* To do:
When the line containing "6059 Berwyn St, Dearborn Heights, MI 48127" is found in the data below, copy it and each line after it through the line containing "1028 Rosedale St — Photo 1", exactly and with no others.

───── Data for this task

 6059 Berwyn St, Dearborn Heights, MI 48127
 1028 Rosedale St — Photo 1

──────────
───── Data for this task

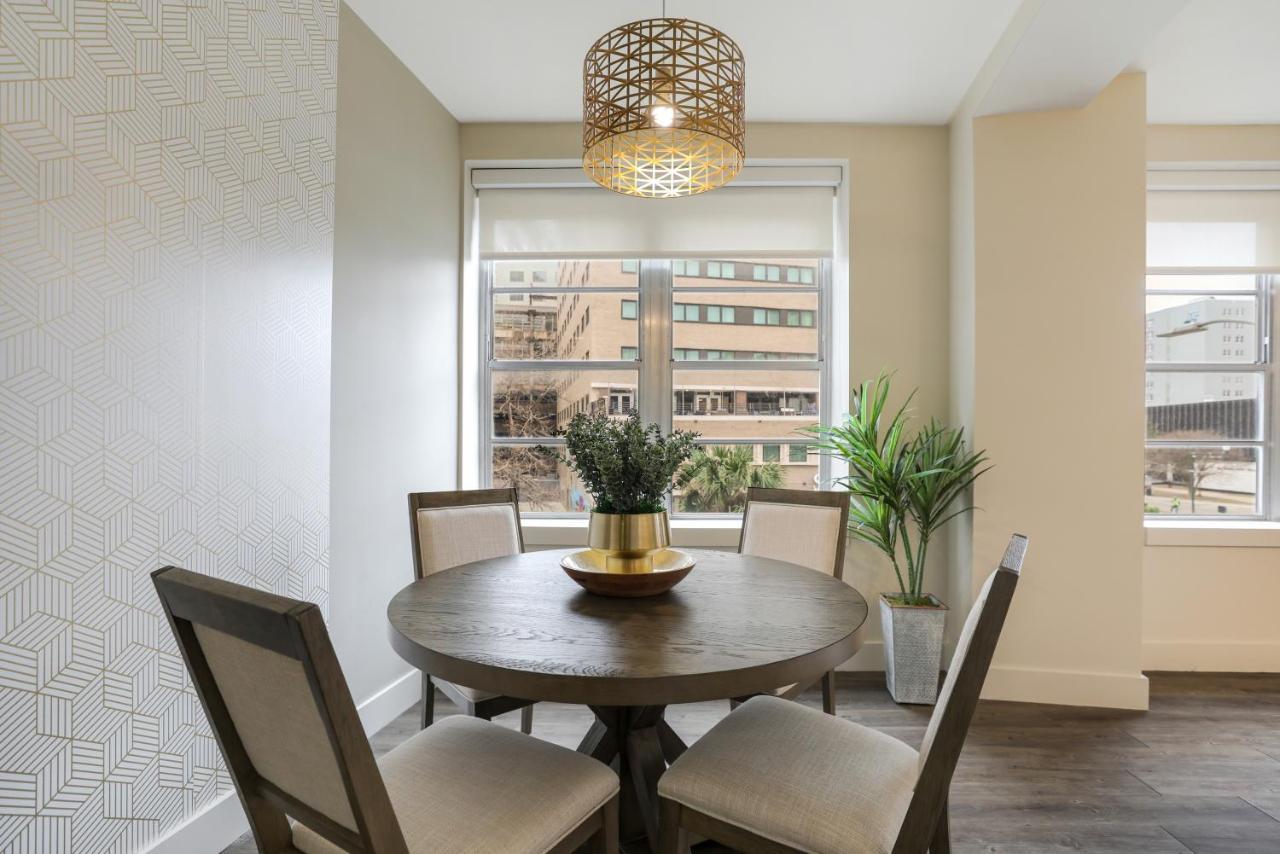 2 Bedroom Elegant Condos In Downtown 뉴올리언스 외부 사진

──────────

* Written answer:
 6059 Berwyn St, Dearborn Heights, MI 48127
 1028 Rosedale St — Photo 1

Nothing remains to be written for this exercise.